US Readers: At the time of writing, both cleaning options listed above are unavailable in the US. Since initially writing this article, I’ve been lucky enough to sample a new US-based start-up cleaning solution called Groovewasher that I would highly recommend. Check out the full review (complete with before and after audio samples) here.
Once you’ve selected an appropriate cleaning solution, and a couple of suitable microfibre cloths, the process is relatively simple:
Step 1: Spray the cleaner 2 – 4 times on the record surface avoiding the center label.
Step 2: Using your first microfiber cloth, gently wipe the surface in a circular, anti-clockwise motion (with the grooves) ensuring the fluid thoroughly penetrates the grooves.
Step 3: Repeat step two with your rinsing solution (if supplied).
Step 4: Dry the record surface with a separate microfiber cloth using the same anti-clockwise method.
Step 5: Repeat until clean.
Some recommendations and further caveats:
It’s recommended that you replace the microfiber cloths regularly to avoid cross-contaminating dirt from other records. You can buy suitable clothes from Amazon in bulk.
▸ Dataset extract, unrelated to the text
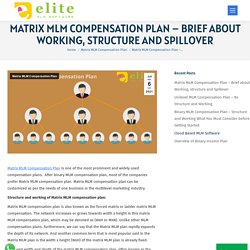 Matrix MLM Compensation Plan - its Structure and Working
If a record is particularly dirty, it might take quite a few repeat cleans to hear any improvement in sound quality. In many cases, you may find you’re simply unable to adequately clean the record by hand and will need to consider a machine of sorts to observe further improvement. As we’re looking at budget options for the purpose of this article, I would recommend trying the Spin Clean Record Washer.
How NOT to clean vinyl records
Avoid using tap water to clean records. The impurities found in domestic tap water may not be visible to the naked eye, but they can (and likely will) cause damage to your record. Hard water areas (such as where I live) are particularly troublesome. (Ever seen what happens to a kettle when you boil tap water? The furry limescale that sticks to the kettle surface should be reason enough not to consider using tap water).
Don’t be tempted to try domestic cleaning products – or even pure alcohol – to clean records. Despite what many YouTubers will say, Windex or Mr Sheen do not make good vinyl cleaning fluids. Always invest in a recommended, purpose designed record cleaning solution. If you are tempted to make your own, make sure you research carefully before mixing ingredients.